* **What is expected**: Everything from the line with "Free Country‎ Mens" to the final line of the entries, both included, should be restated word for word; please omit the pictures.

* **Source data**:
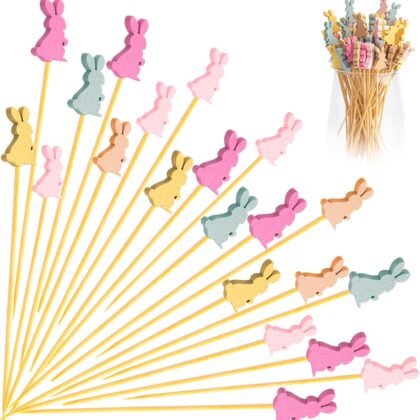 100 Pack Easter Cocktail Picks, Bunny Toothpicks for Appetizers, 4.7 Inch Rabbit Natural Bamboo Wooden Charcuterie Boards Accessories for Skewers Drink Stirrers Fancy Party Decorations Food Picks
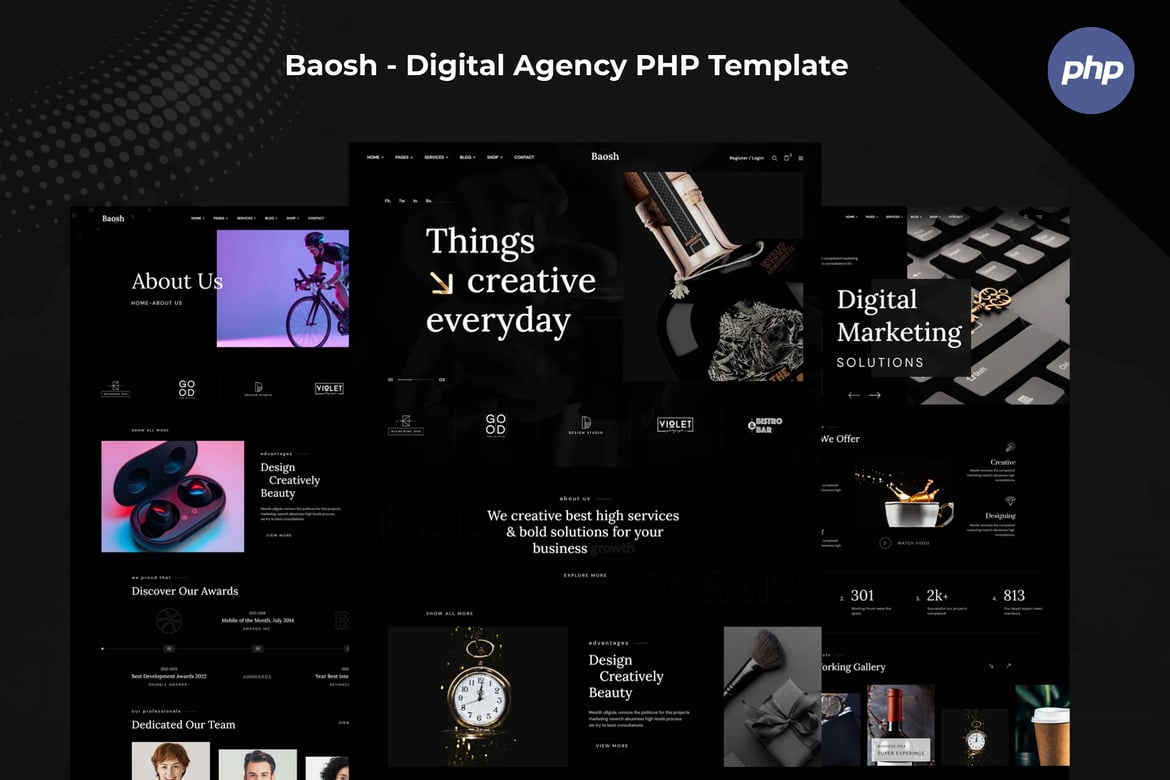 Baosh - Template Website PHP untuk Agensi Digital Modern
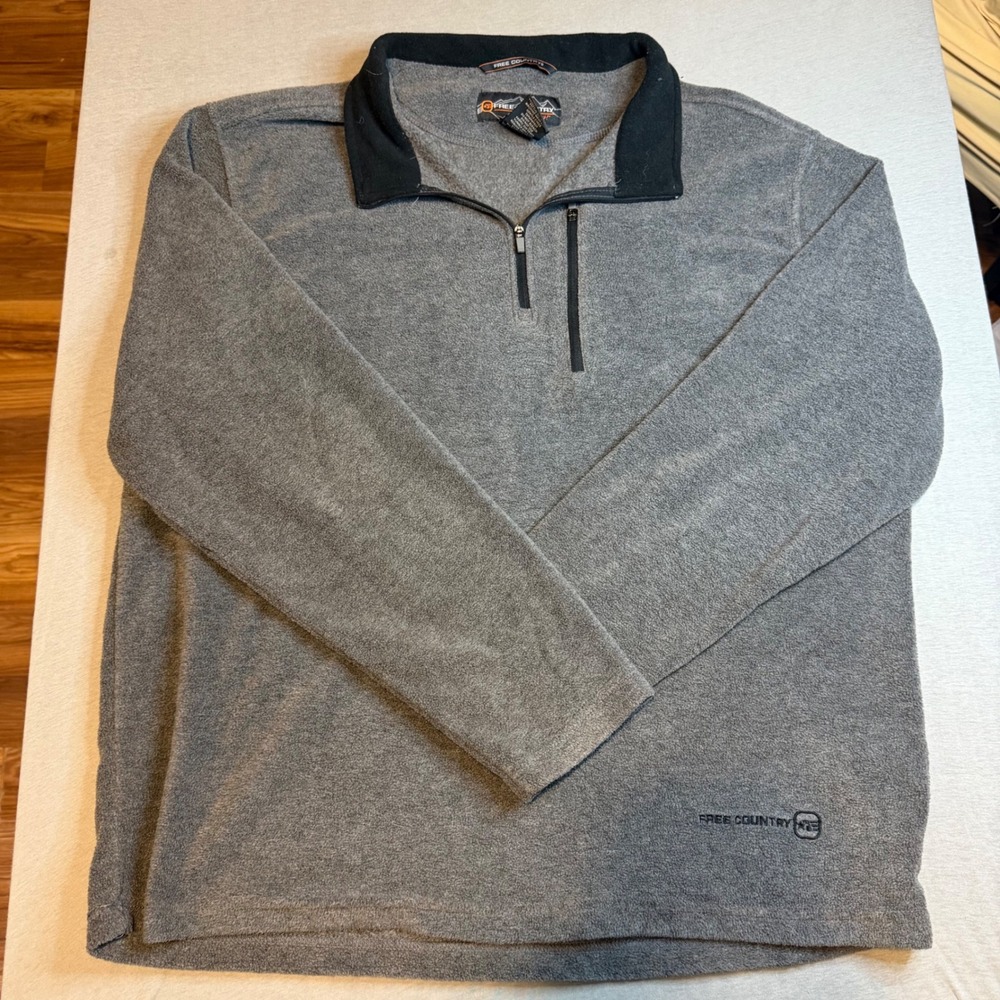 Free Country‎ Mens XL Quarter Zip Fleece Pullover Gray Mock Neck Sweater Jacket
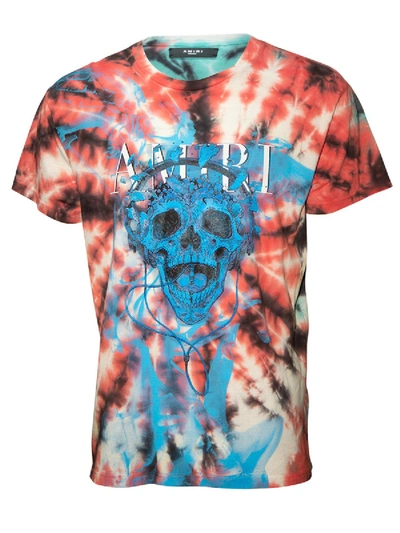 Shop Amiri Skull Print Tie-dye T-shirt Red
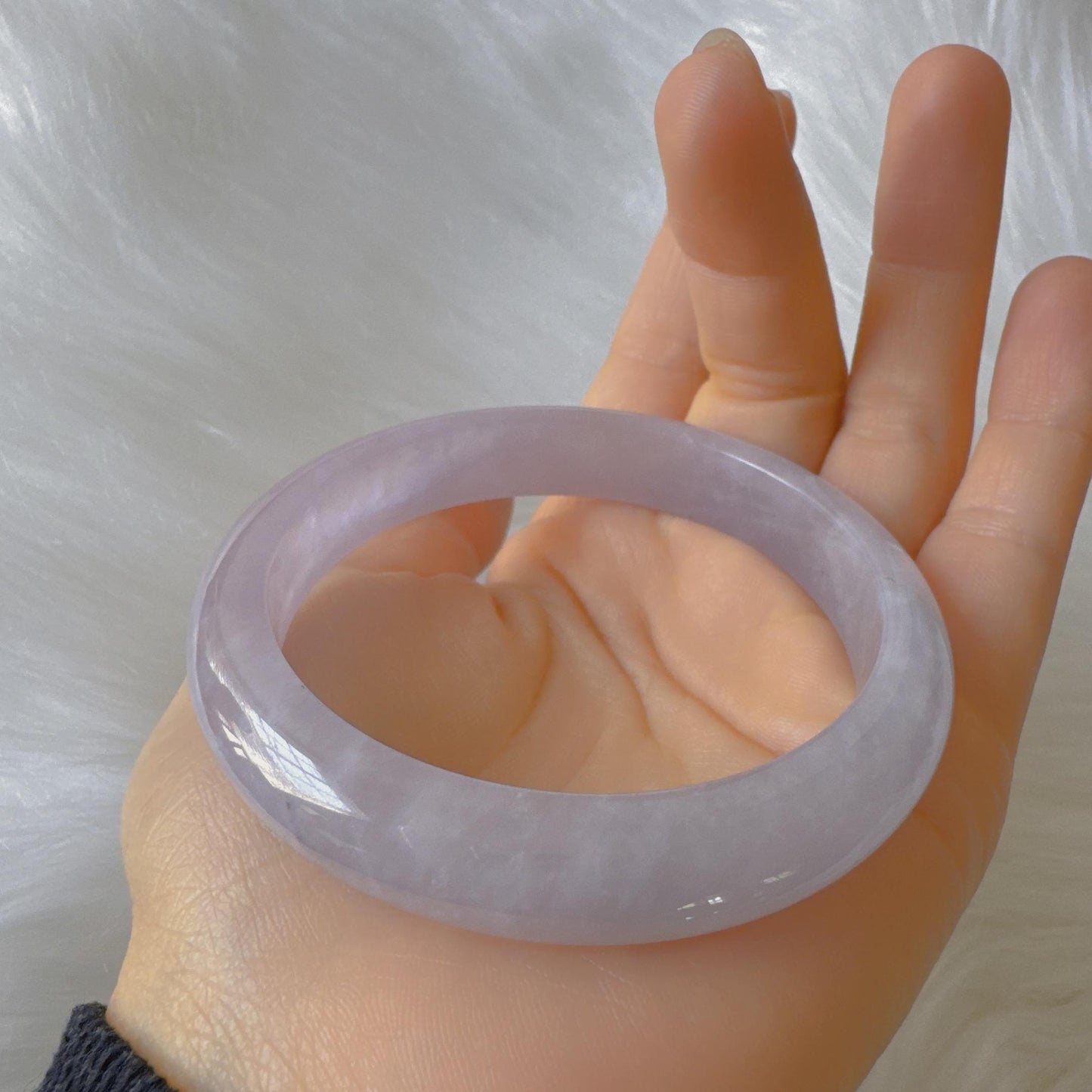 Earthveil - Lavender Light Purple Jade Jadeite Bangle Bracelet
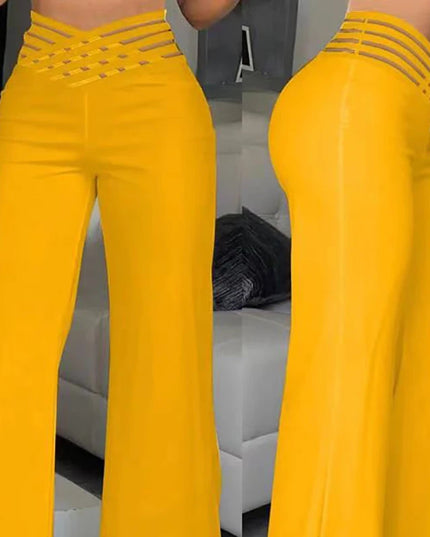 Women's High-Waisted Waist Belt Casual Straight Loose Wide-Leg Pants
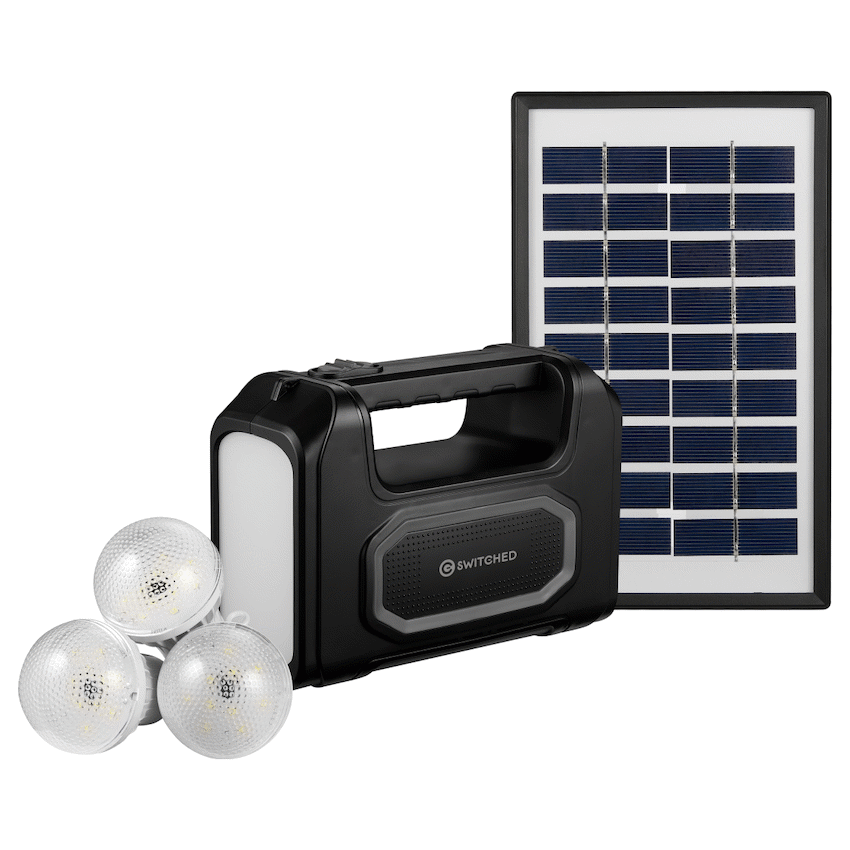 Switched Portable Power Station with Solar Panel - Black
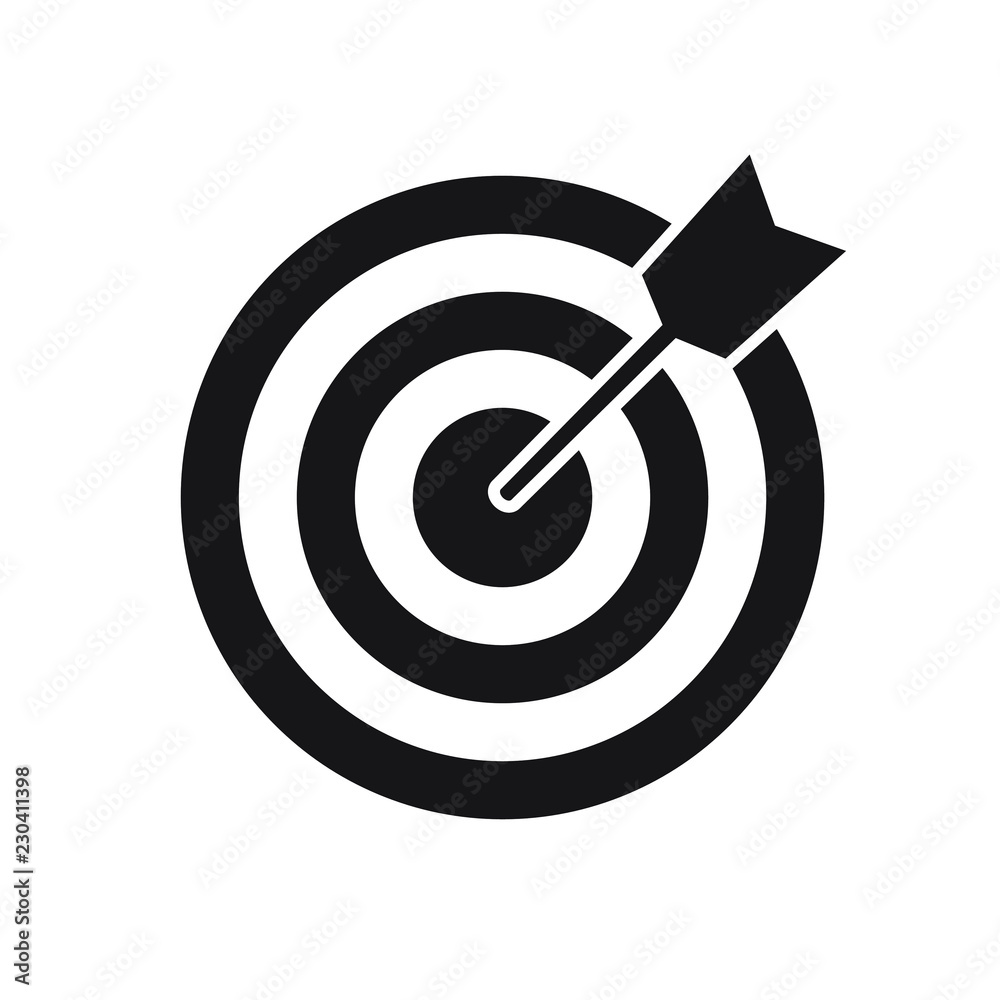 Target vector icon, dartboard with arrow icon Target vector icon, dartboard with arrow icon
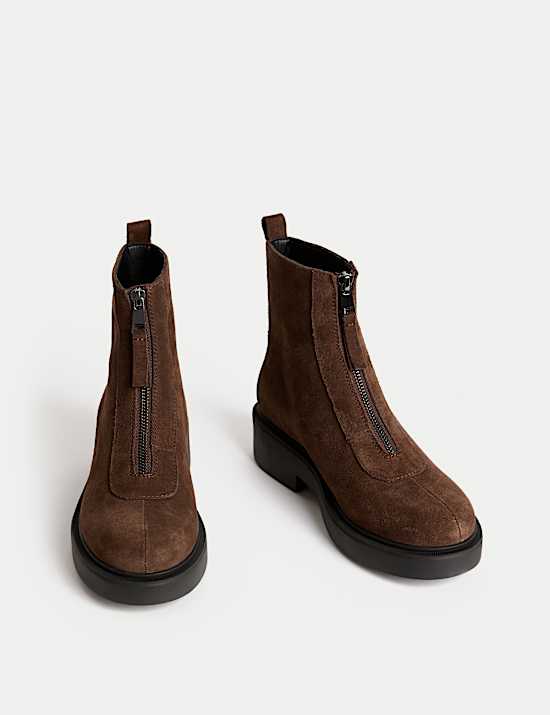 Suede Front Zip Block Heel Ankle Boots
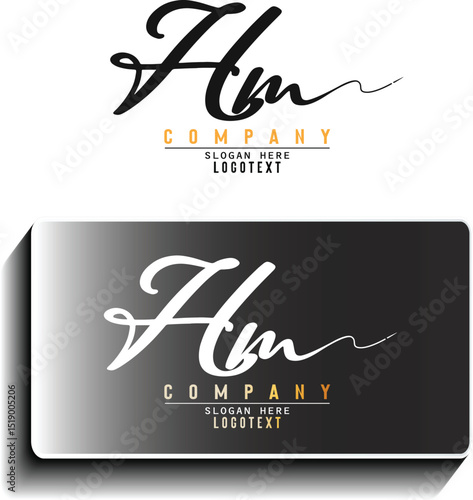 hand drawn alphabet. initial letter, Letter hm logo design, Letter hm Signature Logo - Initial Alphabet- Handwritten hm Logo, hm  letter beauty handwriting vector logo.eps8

* **Exercise answer**:
 Free Country‎ Mens XL Quarter Zip Fleece Pullover Gray Mock Neck Sweater Jacket
 Shop Amiri Skull Print Tie-dye T-shirt Red
 Earthveil - Lavender Light Purple Jade Jadeite Bangle Bracelet
 Women's High-Waisted Waist Belt Casual Straight Loose Wide-Leg Pants
 Switched Portable Power Station with Solar Panel - Black
 Target vector icon, dartboard with arrow icon Target vector icon, dartboard with arrow icon
 Suede Front Zip Block Heel Ankle Boots
 hand drawn alphabet. initial letter, Letter hm logo design, Letter hm Signature Logo - Initial Alphabet- Handwritten hm Logo, hm  letter beauty handwriting vector logo.eps8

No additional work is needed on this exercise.